I know, this question is probably off topic for this forum and I am sorry, but I have no idea where else to ask it (if you have a better idea, please let me know).
Having watched "Combine in Practice" ( https://developer.apple.com/videos/play/wwdc2019/721/), especially the second part (starting at 22:50) I very much liked the username/password validation using Combine and UIKit.
Now I wonder how to replicate something similar using Combine and SwiftUI. I tried to put two Property Wrappers at once onto my properties. However, my naive approach did not work out:
import SwiftUI
import Combine
struct RegistrationView : View {
@Published @State private var eMail: String = ""
var body: some View {
Form {
TextField("Enter your EMail", text: $$eMail.value)
}
}
}
While I somehow get access to the inner Property Wrapper this way, it doesn't work as such or at least as I expected, I get the error message:
Cannot convert value of type 'State<String>' to expected argument type 'Binding<String>'
Is there a way to fix this and get something like this working (maybe I am overlooking something obvious) or will Combine and SwiftUI just not play well together?
Could you tell the purpose of @Published property in your case?
I suppose that you should "combine" signals from different views ( for example ) in your model, not in view.
@State is already a kind of "published property" - it is a binding property with "onChange" redrawing.
class RegistrationModel : BindableObject {
var username: String = ""
var password: String = ""
var email: String = ""
var didChange: PassthroughObject<Void, Never>
init() {
}
}
// MARK: TopView
struct TopRegistrationView {
@State var model: RegistrationModel
var body: some View {
UsernameView($model.username)
PasswordView($model.password)
RegistrationView($model.email)
AcceptButtonView(model.canAcceptData)
}
}
As you can see, model also have canAcceptData - it is a property which indicates button availability.
You can calculate this property canAcceptData on-fly, because redrawing cycle will lift it to a view for you.
Please, check my attempt to demonstrate different approaches in SwiftUI.

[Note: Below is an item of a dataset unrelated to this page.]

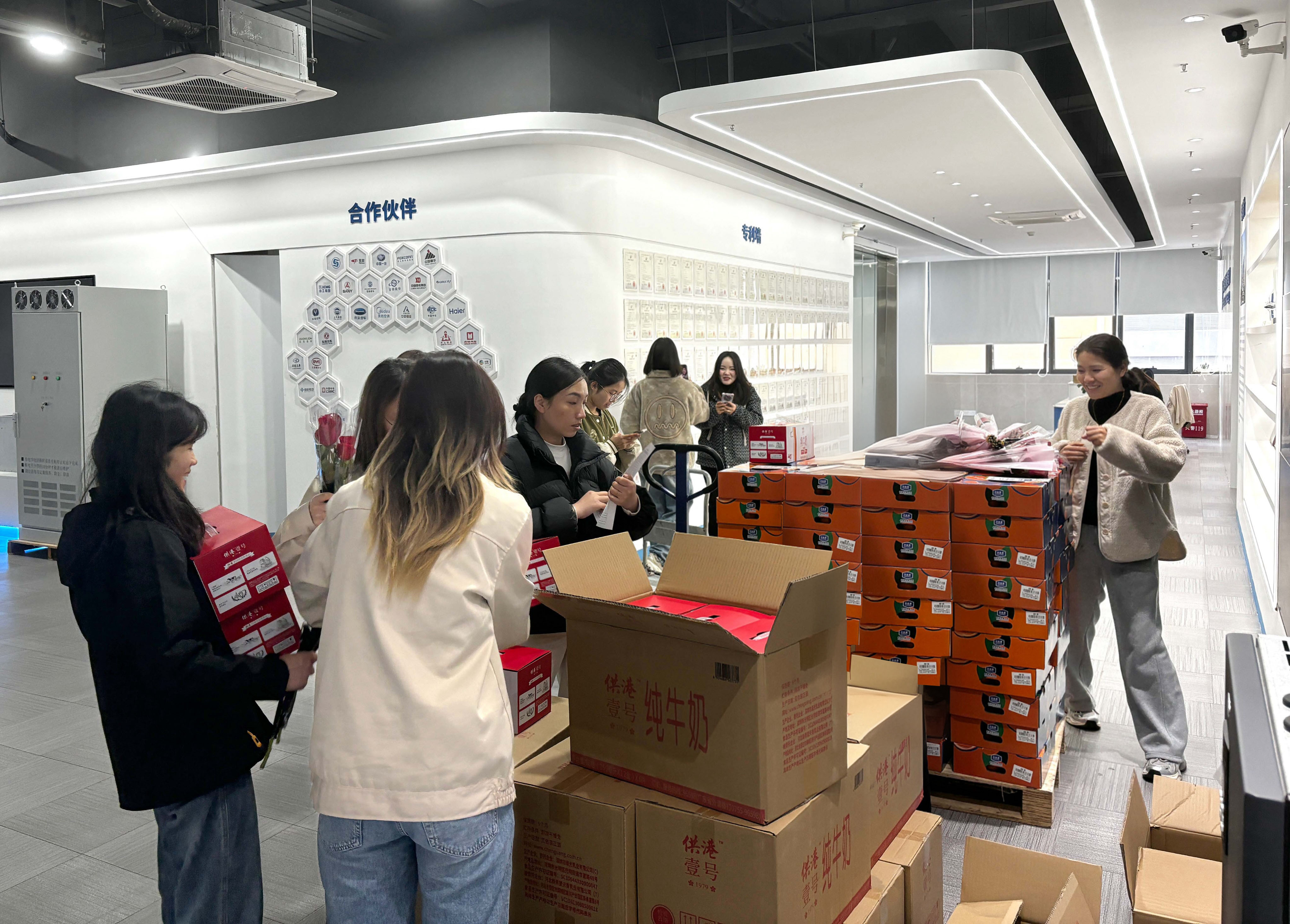 6686体育女神节特辑：巾帼不让须眉，女神节，愿快乐如影随形，绽放你的独特光芒！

Thanks for your inspiration @lolgear! As you suggested I moved the @States into a model class and got it working this way. My code looks now like this, it is still work in progress and somewhat simpler than the code from your GitHub example. I post it here so others with similar problems get an idea how to get things working:
Update: I updated the code, got the password validation working (there were subtle mistakes in the code presented at the WWDC session (missing Publishers. before CombineLatest and missing .map after CombineLatest) but now the third publisher validatedCredentials never fires. I did set breakpoints in the lines with the guard in both validatedPassword and validatedCredentials , the one in validatedPassword was reached just fine but the one in validatedCredentials was never reached.
@IOOI well in swiftUI don't we have something called EnviromentObject which in theory is supposed to take care of our actual logic? as the following code suggests having a viewModel that contains all the actual logic, and separates it from our view. Correct me if I am wrong,
class ViewModel: BindableObject {
var didChange = PassthroughSubject<ViewModel, Never>()
var validated: String? {
didSet {
didChange.send(self)
}
}
@Published var passwordPublisher = ""
@Published var passwordConfirmationPublisher = ""
var validatedCredentials: AnyPublisher<String?, Never> {
return Publishers.CombineLatest($passwordPublisher, $passwordConfirmationPublisher)
.map { arg in
let (password, confirmPassword) = arg
guard password == confirmPassword, password.count > 8 else { return nil }
return password
}.eraseToAnyPublisher()
}
init() {
// bind the validated password to the validated field that we have
validatedCredentials.receive(on: RunLoop.main).assign(to: \.validated, on: self)
}
func handleSignin() {
// do something
}
}
struct ContentView: View {
@EnvironmentObject var viewModel: ViewModel
var body: some View {
VStack {
TextField($viewModel.passwordPublisher, placeholder: Text("First password"))
TextField($viewModel.passwordConfirmationPublisher, placeholder: Text("First password"))
Button("Sign in") {
self.viewModel.handleSignin()
}.disabled(viewModel.validated == nil)
}
}
}
Hi,
Glad could help. Like to thank you for showing how to use .onReceive in SwiftUI & updating @State property also function usernameAvailable with completion called from Future publisher etc.. very compact & precise codes.